Triptans such as sumatriptan are effective for both pain and nausea in up to 75% of people. They come in a number of different forms including oral, injection, nasal spray, and oral dissolving tablets. Most side effects are mild such as flushing however rare cases of myocardial ischemia have occurred They are non addictive however are associated with medication overuse headaches if used more than 10 days per month. Triptans are a family of tryptamine-based drugs that bind serotonin receptors in cranial blood vessels — causing their constriction and inhibition of pro-inflammatory neuropeptide release. Triptans may also inhibit release of Substance P and other pain-causing compounds from nerve endings. Tryptamine is a monoamine alkaloid found in plants, fungi, and animals. It is based around the indole ring structure, and is chemically related to the amino acid tryptophan, from which its name is derived. Tryptamine is found in trace amounts in the brains of mammals and is believed to play a role as a neuromodulator or neurotransmitter. Tryptamine is also a base structure of the illegal drug LSD.
Dihydroergotamine is an older medication that some find useful. They were the primary oral drugs available to abort a migraine prior to the triptans. They are much less expensive than triptans. Ergotamine continues to be prescribed for migraines.
A single dose of intravenous dexamethasone, when added to standard treatment of a migraine attack, is associated with a 26% decrease in headache recurrence in the following 72 hours.
Antiemetics by mouth may help relieve symptoms of nausea and help prevent vomiting, which can diminish the effectiveness of orally taken analgesia. In addition some antiemetics such as metoclopramide are prokinetics and help gastric emptying. In the UK, there are three combination antiemetic and analgesic preparations available: MigraMax (aspirin with metoclopramide), Migraleve (paracetamol/codeine for analgesia, with buclizine as the antiemetic) and paracetamol/metoclopramide (Paramax in UK).
Although migraines are differentially diagnosed, and less serious than TIAs (trans–ischemic attacks) and strokes (which can be fatal), women who experience auras have been found to be twice the risk of stokes and heart attacks over non-aura migraine suffers and women who do not have migraines. Migraine sufferers seem to be at risk for both thrombotic and hemorrhagic stroke as well as transient ischemic attacks — another motivation to counter triggers to migraines.
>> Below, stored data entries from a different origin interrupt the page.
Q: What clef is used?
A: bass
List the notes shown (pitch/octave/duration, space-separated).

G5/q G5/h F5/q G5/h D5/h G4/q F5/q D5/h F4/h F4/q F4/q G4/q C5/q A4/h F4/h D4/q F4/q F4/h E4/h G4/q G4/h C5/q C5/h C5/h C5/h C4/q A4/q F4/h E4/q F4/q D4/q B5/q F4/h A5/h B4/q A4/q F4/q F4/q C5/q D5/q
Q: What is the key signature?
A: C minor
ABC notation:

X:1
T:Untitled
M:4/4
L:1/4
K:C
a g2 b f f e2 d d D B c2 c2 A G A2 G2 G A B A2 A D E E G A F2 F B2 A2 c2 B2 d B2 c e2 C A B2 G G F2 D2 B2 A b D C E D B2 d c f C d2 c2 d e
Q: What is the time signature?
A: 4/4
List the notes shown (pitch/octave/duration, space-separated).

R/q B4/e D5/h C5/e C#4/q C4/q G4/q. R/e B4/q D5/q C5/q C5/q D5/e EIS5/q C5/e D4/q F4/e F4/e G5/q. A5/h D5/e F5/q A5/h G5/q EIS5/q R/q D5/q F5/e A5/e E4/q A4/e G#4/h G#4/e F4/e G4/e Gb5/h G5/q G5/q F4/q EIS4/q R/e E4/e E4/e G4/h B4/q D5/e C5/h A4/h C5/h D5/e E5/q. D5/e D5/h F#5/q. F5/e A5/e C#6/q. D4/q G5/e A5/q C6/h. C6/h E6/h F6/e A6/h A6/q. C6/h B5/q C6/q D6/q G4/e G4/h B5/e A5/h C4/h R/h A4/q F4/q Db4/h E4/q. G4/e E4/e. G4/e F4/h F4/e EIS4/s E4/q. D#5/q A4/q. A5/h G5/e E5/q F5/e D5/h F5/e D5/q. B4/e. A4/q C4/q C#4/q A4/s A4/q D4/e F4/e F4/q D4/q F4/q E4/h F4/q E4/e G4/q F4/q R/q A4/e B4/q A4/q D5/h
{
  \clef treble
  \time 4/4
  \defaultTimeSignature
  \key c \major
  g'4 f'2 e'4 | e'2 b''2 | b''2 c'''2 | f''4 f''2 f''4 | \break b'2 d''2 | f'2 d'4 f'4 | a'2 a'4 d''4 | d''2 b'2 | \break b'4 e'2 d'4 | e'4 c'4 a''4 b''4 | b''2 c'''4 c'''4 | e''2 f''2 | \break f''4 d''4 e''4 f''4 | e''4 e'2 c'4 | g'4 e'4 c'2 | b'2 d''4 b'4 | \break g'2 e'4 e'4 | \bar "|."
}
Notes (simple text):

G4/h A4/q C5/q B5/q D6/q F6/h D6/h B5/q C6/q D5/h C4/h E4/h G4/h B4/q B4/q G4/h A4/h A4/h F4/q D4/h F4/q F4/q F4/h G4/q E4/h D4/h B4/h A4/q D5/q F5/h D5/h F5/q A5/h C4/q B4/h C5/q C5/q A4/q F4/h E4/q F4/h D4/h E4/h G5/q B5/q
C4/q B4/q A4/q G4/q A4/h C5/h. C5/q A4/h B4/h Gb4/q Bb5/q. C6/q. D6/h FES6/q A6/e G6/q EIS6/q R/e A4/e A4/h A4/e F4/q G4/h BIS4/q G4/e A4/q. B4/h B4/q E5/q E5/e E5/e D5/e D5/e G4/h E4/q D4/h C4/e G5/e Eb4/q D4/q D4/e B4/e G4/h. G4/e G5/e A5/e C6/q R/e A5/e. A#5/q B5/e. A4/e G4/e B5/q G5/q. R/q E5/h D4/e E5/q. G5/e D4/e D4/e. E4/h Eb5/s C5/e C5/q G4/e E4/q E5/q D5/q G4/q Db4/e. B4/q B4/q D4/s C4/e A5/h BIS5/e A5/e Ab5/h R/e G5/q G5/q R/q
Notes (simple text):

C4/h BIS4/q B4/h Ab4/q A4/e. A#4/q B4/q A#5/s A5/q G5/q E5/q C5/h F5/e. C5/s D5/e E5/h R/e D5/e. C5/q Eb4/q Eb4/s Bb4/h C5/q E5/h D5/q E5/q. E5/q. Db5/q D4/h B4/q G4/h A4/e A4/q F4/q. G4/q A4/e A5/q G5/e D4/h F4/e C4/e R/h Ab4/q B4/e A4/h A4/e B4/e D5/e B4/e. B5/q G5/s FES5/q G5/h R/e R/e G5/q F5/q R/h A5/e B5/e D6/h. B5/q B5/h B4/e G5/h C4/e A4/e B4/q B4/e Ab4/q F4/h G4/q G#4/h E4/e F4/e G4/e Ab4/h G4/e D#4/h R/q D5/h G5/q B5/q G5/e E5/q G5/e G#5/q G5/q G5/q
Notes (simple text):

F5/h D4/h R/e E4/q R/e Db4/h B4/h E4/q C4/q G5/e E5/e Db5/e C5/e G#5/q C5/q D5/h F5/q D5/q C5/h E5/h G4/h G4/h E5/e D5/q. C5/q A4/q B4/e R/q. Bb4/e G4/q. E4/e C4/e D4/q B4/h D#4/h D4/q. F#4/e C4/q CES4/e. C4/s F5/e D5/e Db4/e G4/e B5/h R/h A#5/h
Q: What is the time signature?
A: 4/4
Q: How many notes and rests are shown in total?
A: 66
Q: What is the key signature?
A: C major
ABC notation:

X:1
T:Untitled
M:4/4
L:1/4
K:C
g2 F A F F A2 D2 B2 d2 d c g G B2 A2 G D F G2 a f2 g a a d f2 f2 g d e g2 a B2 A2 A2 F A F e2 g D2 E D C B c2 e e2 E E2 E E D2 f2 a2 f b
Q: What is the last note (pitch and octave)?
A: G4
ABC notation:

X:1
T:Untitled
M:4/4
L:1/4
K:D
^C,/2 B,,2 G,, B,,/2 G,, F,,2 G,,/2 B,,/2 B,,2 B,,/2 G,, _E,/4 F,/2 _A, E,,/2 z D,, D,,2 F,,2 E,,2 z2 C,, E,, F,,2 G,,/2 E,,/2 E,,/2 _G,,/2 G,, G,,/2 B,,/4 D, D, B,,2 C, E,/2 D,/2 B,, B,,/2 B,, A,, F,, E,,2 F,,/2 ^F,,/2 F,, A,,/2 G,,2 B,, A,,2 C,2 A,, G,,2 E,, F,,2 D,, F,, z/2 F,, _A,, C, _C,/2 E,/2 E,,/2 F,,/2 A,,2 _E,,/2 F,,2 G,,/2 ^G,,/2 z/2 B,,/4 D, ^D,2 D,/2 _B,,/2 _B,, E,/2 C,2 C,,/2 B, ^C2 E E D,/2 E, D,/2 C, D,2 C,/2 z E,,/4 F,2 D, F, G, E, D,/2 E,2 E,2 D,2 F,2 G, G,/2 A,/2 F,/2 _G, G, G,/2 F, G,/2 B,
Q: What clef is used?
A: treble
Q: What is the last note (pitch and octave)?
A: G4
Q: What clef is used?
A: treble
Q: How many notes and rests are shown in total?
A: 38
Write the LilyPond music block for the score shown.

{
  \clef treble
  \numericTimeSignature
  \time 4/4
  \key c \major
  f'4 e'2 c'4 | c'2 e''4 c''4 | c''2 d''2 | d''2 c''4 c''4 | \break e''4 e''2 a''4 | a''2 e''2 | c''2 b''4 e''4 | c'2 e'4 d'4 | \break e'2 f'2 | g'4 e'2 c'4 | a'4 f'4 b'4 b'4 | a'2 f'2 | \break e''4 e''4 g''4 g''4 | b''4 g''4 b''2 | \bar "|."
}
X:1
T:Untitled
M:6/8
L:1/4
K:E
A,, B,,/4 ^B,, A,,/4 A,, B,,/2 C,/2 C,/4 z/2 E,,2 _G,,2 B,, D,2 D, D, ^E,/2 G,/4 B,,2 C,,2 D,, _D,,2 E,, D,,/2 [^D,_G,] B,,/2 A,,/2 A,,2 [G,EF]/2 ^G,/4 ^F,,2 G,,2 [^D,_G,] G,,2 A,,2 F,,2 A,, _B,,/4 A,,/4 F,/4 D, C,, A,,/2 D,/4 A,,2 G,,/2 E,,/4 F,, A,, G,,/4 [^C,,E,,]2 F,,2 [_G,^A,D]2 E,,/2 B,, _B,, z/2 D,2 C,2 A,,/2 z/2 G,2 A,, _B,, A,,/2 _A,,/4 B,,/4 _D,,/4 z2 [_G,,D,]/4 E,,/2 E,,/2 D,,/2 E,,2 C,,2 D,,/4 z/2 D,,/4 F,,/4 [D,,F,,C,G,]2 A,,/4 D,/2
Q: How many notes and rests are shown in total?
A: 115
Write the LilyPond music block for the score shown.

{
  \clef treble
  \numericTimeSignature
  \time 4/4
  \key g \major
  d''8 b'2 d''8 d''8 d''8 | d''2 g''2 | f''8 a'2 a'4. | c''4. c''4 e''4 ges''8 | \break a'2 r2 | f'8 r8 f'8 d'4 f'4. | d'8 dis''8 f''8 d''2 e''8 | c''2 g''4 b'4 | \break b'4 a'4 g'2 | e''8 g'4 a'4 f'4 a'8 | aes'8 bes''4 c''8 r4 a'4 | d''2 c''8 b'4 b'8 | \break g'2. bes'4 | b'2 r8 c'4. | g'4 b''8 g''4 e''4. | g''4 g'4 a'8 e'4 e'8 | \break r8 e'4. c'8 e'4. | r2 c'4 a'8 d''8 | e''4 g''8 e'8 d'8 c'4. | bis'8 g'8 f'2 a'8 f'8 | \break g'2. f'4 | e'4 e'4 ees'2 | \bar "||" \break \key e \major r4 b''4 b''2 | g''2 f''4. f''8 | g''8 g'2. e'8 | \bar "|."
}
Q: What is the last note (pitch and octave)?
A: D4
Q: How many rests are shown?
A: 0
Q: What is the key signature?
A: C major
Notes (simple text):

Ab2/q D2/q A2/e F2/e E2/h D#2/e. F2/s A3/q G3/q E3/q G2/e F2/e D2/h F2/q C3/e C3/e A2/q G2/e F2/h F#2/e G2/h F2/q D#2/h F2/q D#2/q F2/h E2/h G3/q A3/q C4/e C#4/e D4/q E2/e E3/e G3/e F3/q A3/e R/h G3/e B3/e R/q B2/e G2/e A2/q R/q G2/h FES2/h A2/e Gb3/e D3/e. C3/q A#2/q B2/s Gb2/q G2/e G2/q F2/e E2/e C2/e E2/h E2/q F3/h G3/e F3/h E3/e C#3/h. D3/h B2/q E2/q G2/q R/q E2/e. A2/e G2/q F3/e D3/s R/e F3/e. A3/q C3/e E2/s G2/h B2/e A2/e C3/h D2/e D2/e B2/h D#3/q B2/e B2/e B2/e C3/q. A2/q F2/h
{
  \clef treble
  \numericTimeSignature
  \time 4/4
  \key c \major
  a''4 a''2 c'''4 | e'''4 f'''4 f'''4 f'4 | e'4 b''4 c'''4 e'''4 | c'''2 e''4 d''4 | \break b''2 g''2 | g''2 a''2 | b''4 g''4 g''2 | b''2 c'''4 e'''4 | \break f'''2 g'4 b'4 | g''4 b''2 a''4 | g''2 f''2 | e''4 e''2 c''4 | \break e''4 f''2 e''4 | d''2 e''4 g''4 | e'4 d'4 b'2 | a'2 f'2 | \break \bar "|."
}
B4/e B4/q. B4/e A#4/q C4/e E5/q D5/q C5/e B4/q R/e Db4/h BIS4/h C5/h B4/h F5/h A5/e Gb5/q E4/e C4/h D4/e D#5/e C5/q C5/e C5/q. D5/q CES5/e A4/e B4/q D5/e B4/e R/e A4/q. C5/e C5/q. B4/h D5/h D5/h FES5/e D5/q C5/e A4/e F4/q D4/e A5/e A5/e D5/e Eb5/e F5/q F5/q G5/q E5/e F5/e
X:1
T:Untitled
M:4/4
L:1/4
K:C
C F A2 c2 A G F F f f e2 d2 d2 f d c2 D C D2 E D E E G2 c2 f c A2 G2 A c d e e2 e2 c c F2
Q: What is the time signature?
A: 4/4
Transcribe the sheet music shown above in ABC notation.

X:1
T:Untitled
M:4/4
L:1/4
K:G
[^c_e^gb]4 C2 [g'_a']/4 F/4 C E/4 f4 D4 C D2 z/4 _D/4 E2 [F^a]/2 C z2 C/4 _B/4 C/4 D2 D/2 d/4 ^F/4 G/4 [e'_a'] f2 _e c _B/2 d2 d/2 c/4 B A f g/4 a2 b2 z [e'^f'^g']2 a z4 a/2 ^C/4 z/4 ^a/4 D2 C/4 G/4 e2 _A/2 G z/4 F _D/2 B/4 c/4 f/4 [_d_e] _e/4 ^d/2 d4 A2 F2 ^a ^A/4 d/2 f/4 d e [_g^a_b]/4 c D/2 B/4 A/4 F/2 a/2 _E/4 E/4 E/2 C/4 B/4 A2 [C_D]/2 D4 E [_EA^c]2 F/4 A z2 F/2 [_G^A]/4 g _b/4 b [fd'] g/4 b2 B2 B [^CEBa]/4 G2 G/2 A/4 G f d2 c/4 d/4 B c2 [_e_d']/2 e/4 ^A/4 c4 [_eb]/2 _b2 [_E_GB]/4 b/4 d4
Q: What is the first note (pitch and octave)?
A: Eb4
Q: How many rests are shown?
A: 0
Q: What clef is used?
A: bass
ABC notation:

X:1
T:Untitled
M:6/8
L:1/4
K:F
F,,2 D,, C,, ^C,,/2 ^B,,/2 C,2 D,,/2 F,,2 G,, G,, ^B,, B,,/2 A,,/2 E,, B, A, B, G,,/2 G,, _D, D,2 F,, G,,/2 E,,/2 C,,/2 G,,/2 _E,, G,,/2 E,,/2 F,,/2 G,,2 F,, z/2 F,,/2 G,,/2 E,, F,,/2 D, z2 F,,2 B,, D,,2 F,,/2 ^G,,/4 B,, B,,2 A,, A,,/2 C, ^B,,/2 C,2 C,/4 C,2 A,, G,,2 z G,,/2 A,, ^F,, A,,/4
Migraine sufferers have been known to eliminate attacks with close attention to a diet that regulates normal blood sugar levels. While hypoglycemia or low blood sugar cause routine, average headaches, hypoglycemia is also a known cause of the more serious migraine headaches. Victims with migraines caused by hypoglycemia can prevent migraine attacks by eating healthy diets that include good quality protein with almost every meal — especially breakfast. Sufferers are advised to avoid foods with high glycemic index, especially while lacking protein in the meal. Migraine sufferers are also advised to avoid eating high glycemic foods after fasting — as in breakfast. In other words, eating food that spikes blood sugar and doesn’t promote sustained levels of normal blood glucose levels, put susceptible people at risk of migraine attacks.